Task: Copy exactly, and only, the lines that start at the line containing "سوییت جونیور با بالکن, Zalagh Parc Palace" and end at the last line of the material below.
-- Records follows --
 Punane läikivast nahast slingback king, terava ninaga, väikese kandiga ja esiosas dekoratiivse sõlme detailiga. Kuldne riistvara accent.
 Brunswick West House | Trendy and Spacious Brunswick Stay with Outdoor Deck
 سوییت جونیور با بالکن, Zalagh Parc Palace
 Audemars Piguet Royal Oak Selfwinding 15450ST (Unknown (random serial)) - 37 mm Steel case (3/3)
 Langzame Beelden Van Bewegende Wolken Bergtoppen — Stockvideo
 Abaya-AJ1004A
-- Records concluded --
Result:
 سوییت جونیور با بالکن, Zalagh Parc Palace
 Audemars Piguet Royal Oak Selfwinding 15450ST (Unknown (random serial)) - 37 mm Steel case (3/3)
 Langzame Beelden Van Bewegende Wolken Bergtoppen — Stockvideo
 Abaya-AJ1004A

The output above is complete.